映画の感想文を中心に、好き勝手なことを語っていきます。

「MONDAYS」

2022-12-03 06:16:01 | 映画の感想(英数)
 正式タイトルは「MONDAYS このタイムループ、上司に気づかせないと終わらない」らしいのだが、劇中タイトルには「MONDAYS」としか表示されない(苦笑)。ともあれ、巷では「カメラを止めるな!」(2017年)以来の低予算ブロックバスターとの声が多いらしい。確かにワン・アイデアで機動的な作劇であることは認めるが、「カメラを止めるな!」ほどのインパクトは無い。気の利いた小品という評価がまあ妥当なところだろう。

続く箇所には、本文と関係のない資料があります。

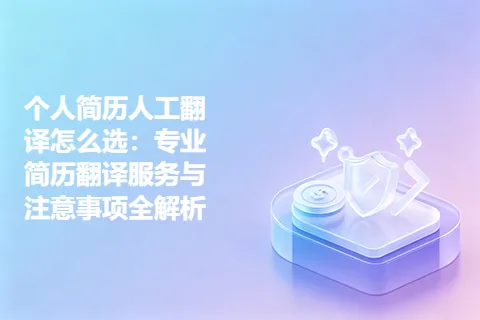 个人简历人工翻译怎么选：专业简历翻译服务与注意事项全解析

 主人公の吉川朱海は小さな広告代理店に勤めているが、密かに憧れの人がいる大手への転職を狙っている。それでも日々の業務を貫徹しなければならず、土日も返上同然で働いて迎えた月曜日の朝、彼女は後輩2人から自分たちが同じ一週間をずっと繰り返していることを告げられる。最初は信じなかった朱海だが、確かな証拠を突き付けられて愕然とする。このタイムループの原因は、どうやら部長の置かれた境遇にあるらしい。社員たちは“時の牢獄”から脱出するため、何とかして部長に真実を気付かせるべく奮闘する。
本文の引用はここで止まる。